Start of Block

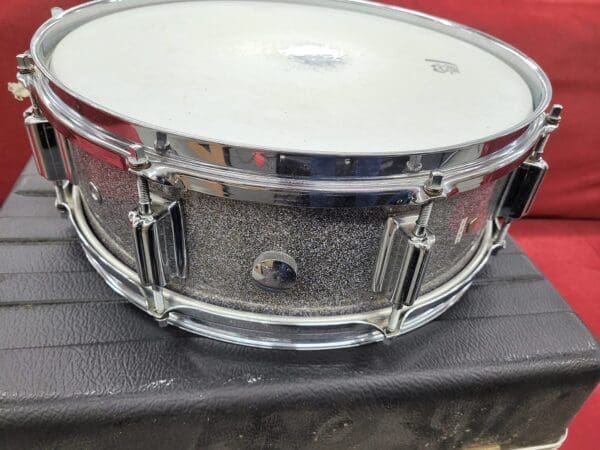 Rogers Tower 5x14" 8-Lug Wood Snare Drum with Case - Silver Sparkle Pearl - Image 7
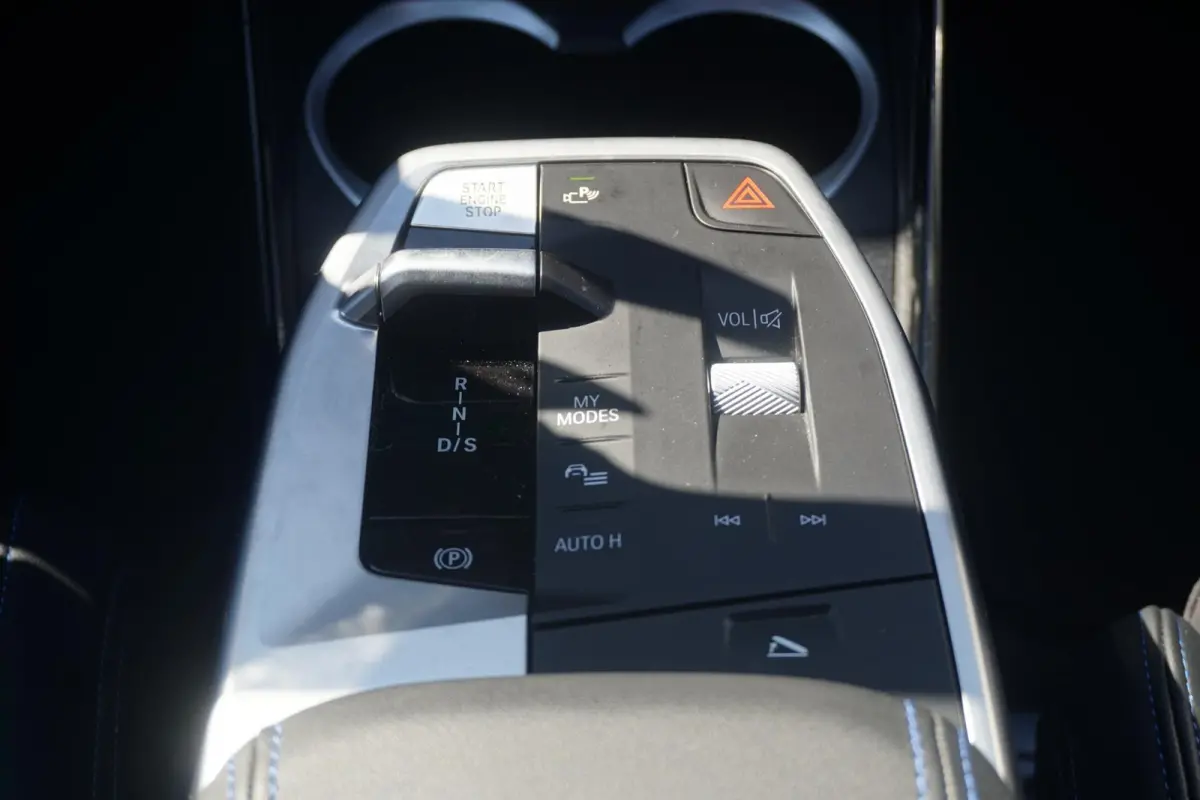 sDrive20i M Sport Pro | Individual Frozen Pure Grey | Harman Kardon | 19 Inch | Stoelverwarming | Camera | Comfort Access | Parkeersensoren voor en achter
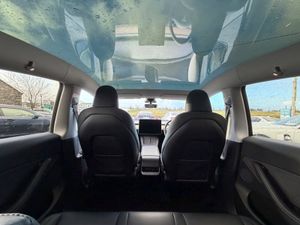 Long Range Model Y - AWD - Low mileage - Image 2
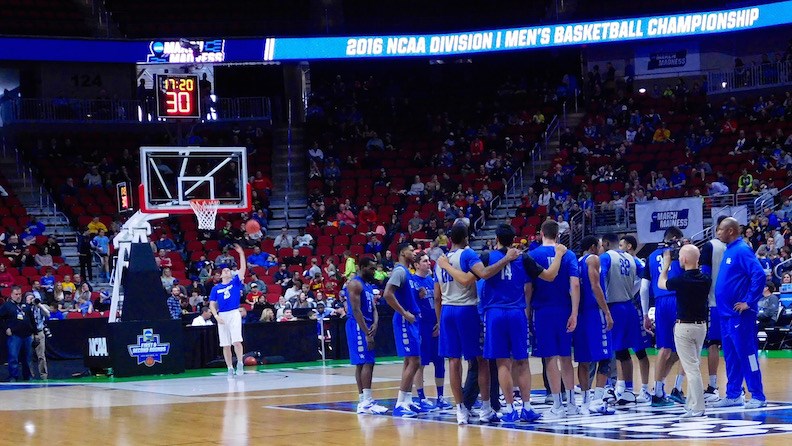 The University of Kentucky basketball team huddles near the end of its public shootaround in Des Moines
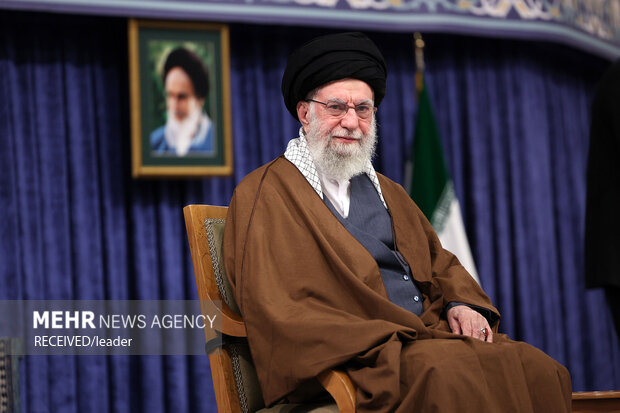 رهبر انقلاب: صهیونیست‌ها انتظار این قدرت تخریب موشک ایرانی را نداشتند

End of Block

Copy the entries character for character, excluding any pictures.

= RESULT OF THIS TASK =
 Rogers Tower 5x14" 8-Lug Wood Snare Drum with Case - Silver Sparkle Pearl - Image 7
 sDrive20i M Sport Pro | Individual Frozen Pure Grey | Harman Kardon | 19 Inch | Stoelverwarming | Camera | Comfort Access | Parkeersensoren voor en achter
 Long Range Model Y - AWD - Low mileage - Image 2
 The University of Kentucky basketball team huddles near the end of its public shootaround in Des Moines
 رهبر انقلاب: صهیونیست‌ها انتظار این قدرت تخریب موشک ایرانی را نداشتند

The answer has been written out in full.